→ Task instructions
There should be no pictures in your answer, only an exact copy of the lines from the one with "Used 2022 Mercedes-Benz GLB 250 image 22" through the end of the material.

→ The data
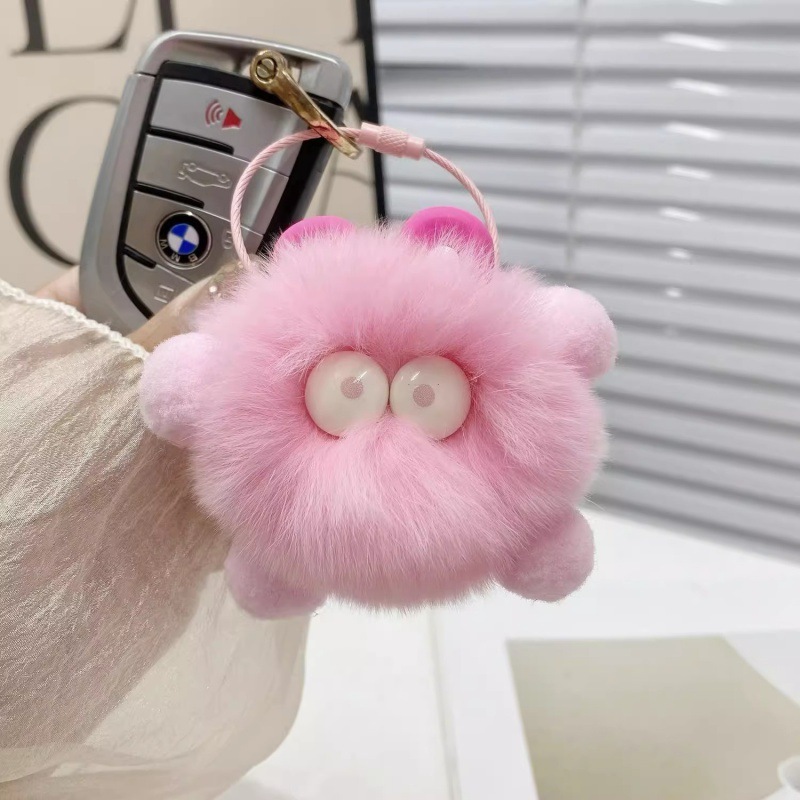かわいい小さい石炭のボールはかばんの醜いものを包みます。|undefined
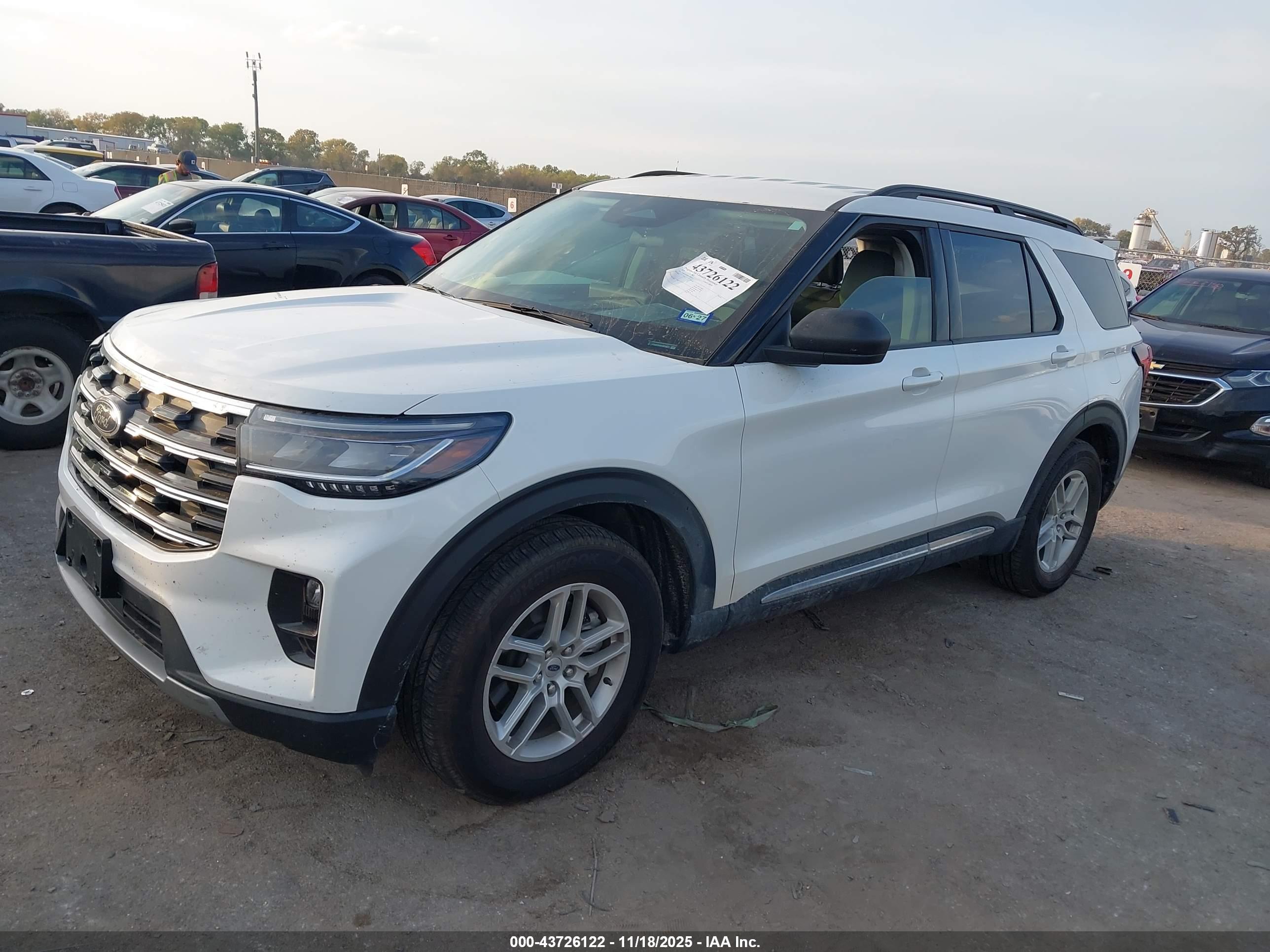 FORD EXPLORER image 2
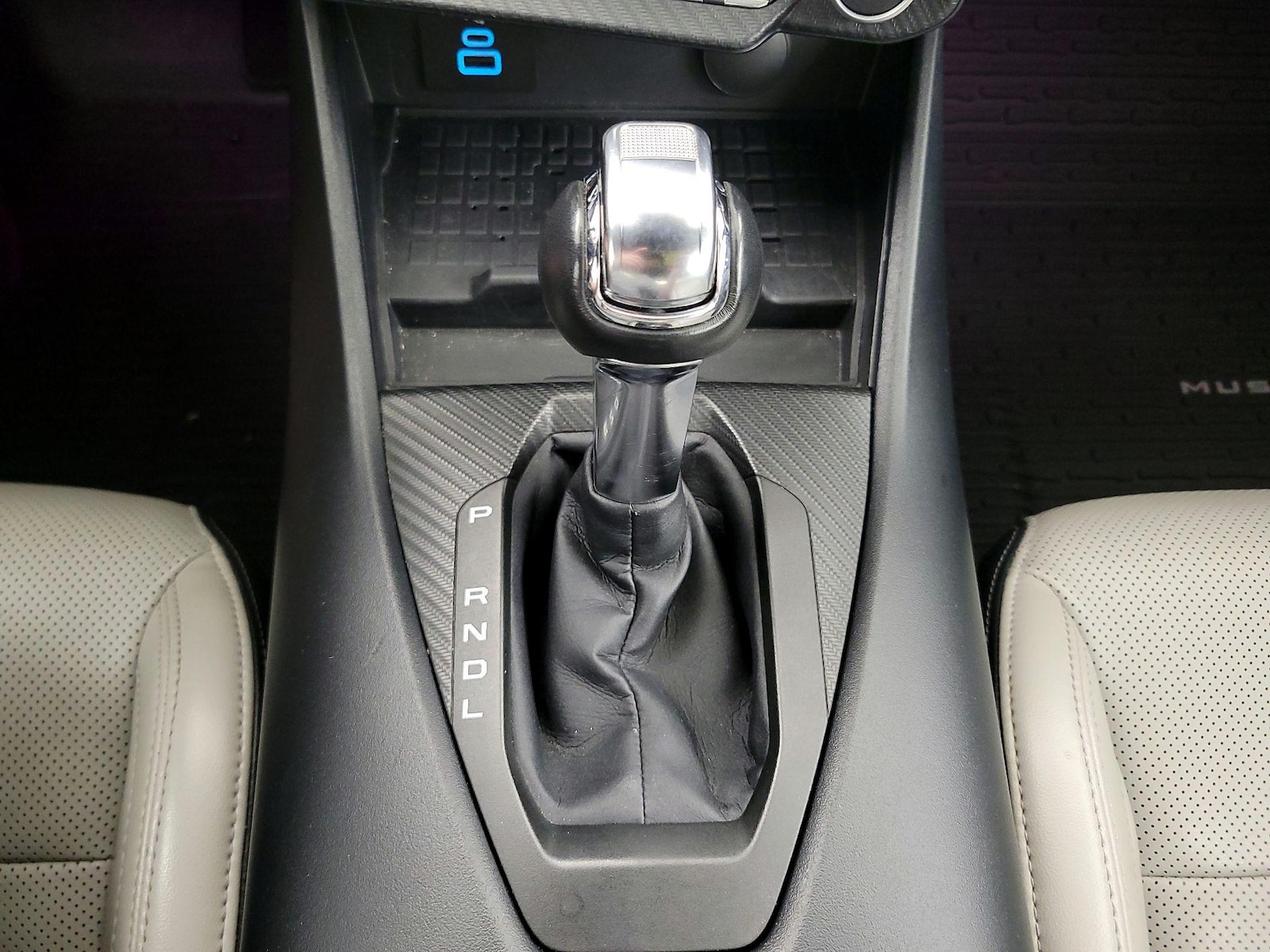 2024 Ford Mustang EcoBoost Premium - Photo 18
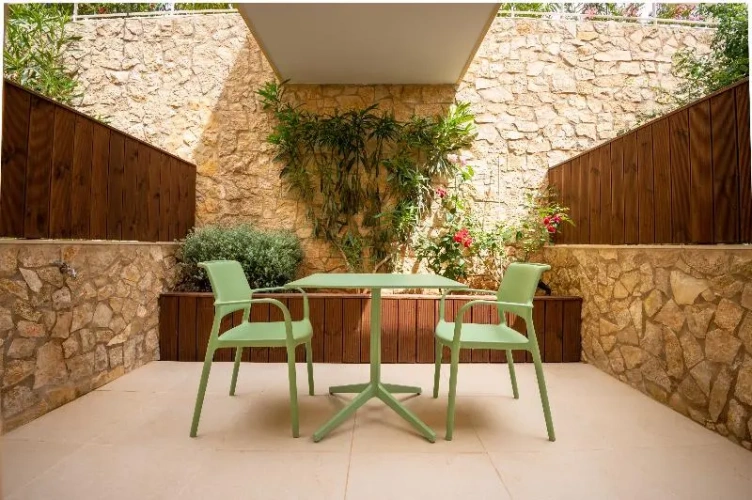 1 Bedroom Apartment with balcony and with pool view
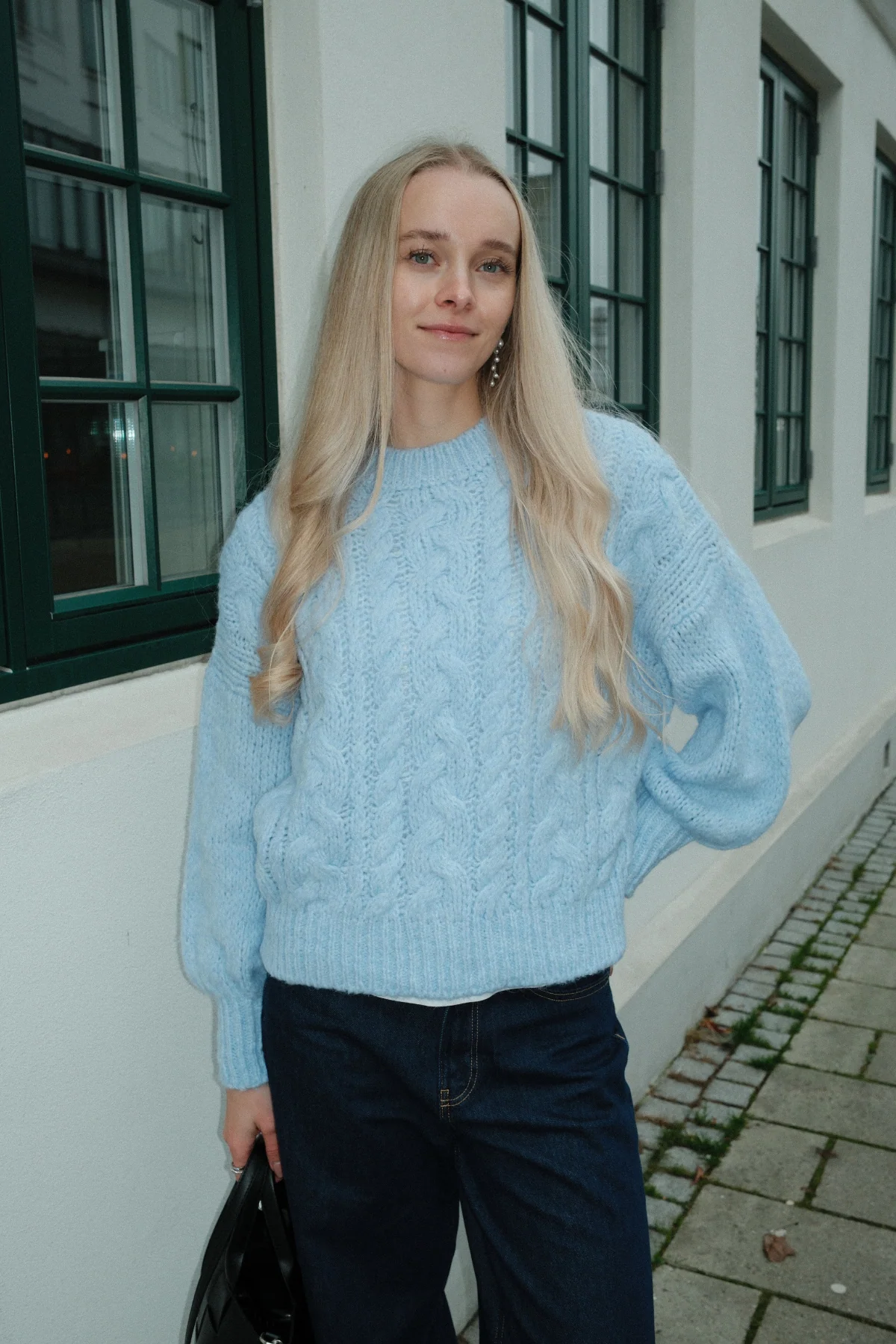 Emma Zopfmuster – Himmelblau - Image 4
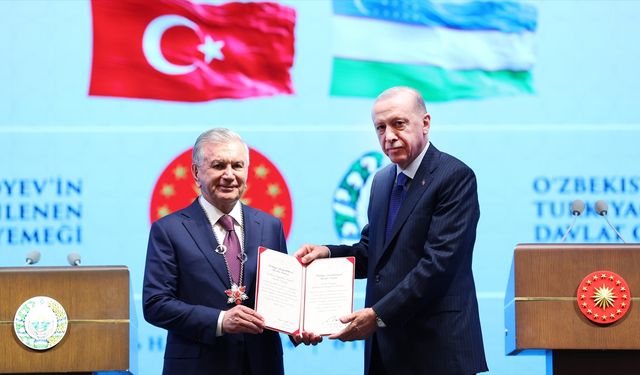 Cumhurbaşkanı Erdoğan, Özbekistan Cumhurbaşkanı Mirziyoyev'e Devlet Nişanı tevcih etti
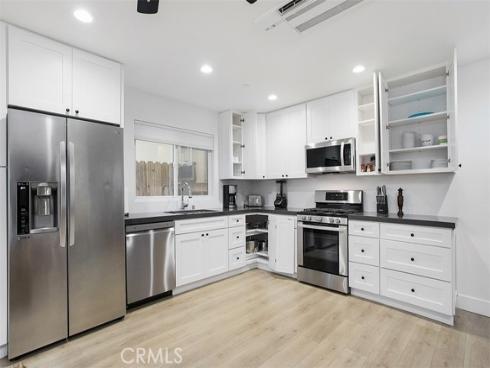 215 32nd Street, Newport Beach, CA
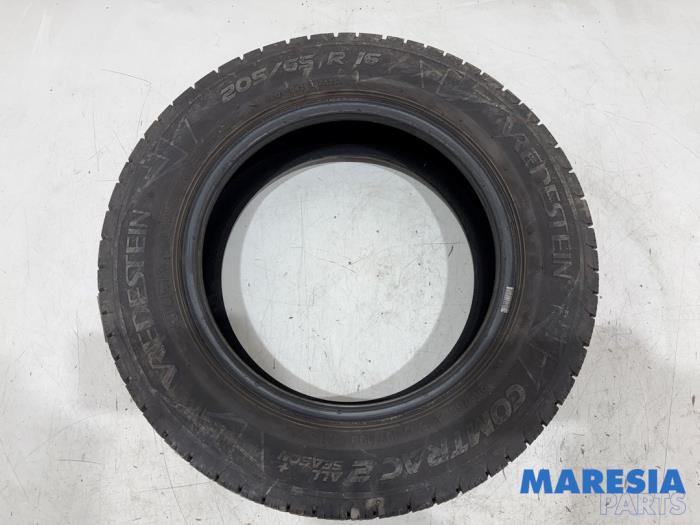 Begagnade Däck Opel Vivaro 1.6 CDTi BiTurbo 125 Pris € 48,40 Inklusive moms erbjuds av Maresia Parts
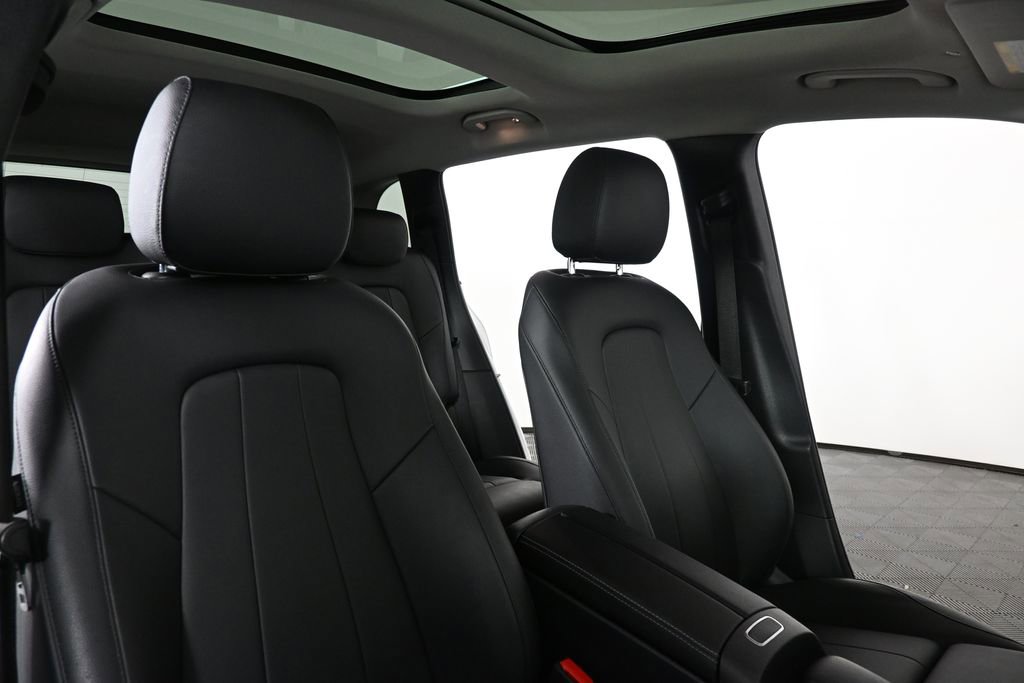 Used 2022 Mercedes-Benz GLB 250 image 22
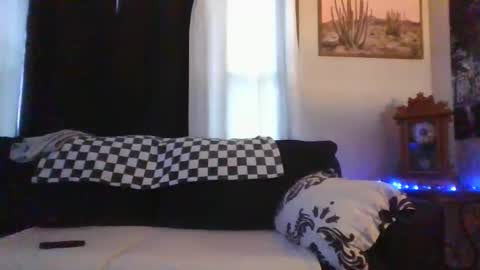 Mrs. St. Patrickk online show from 3, 12, 2025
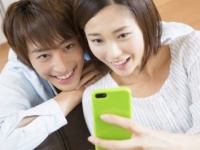 アラサー男性の携帯CHECK！　スマホにある彼女の写メストックって何枚くらい？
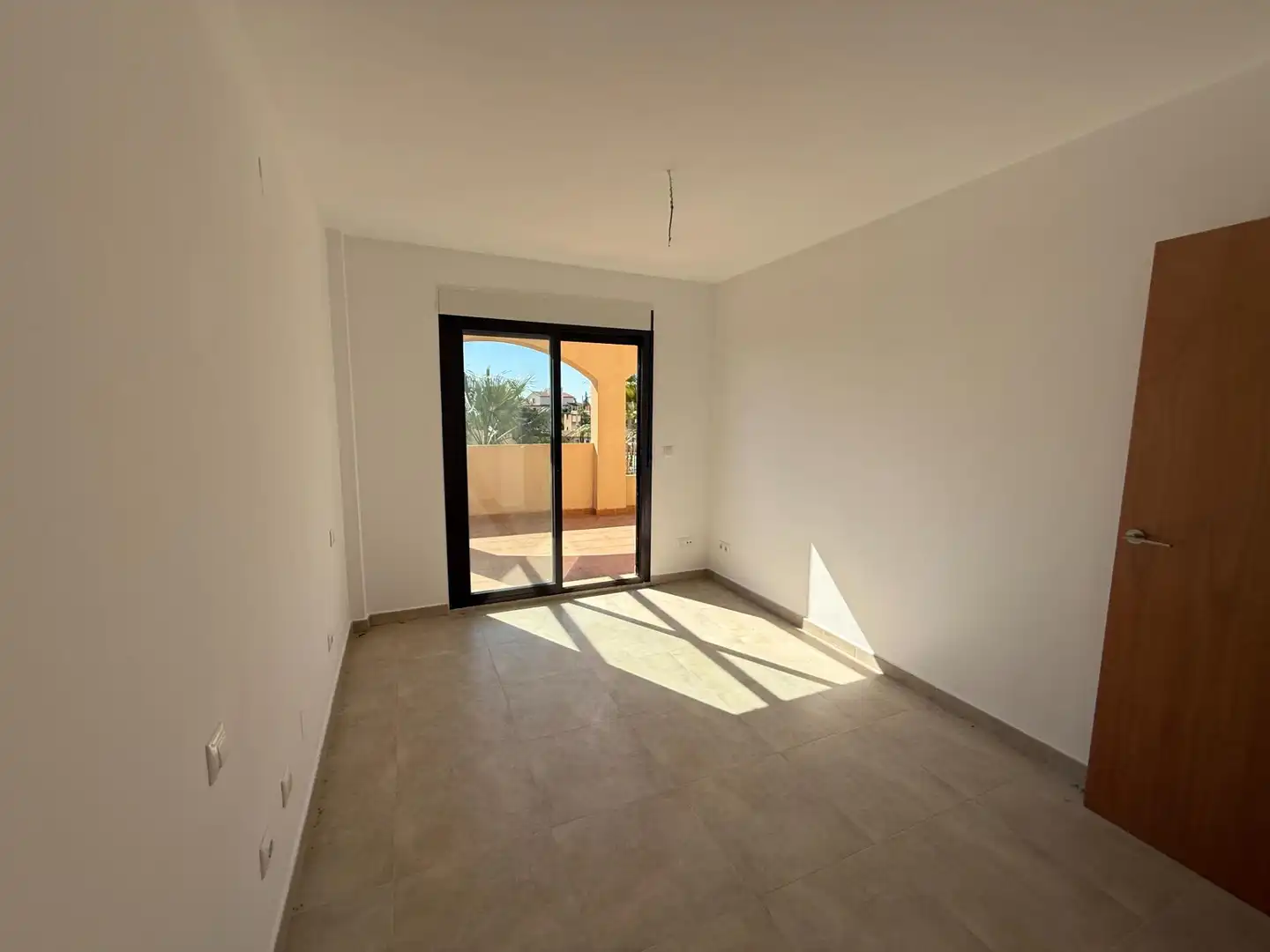 Dormitori de Apartament en venda en Águilas amb Terrassa i Piscina comunitària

→ Reply to the task
 Used 2022 Mercedes-Benz GLB 250 image 22
 Mrs. St. Patrickk online show from 3, 12, 2025
 アラサー男性の携帯CHECK！　スマホにある彼女の写メストックって何枚くらい？
 Dormitori de Apartament en venda en Águilas amb Terrassa i Piscina comunitària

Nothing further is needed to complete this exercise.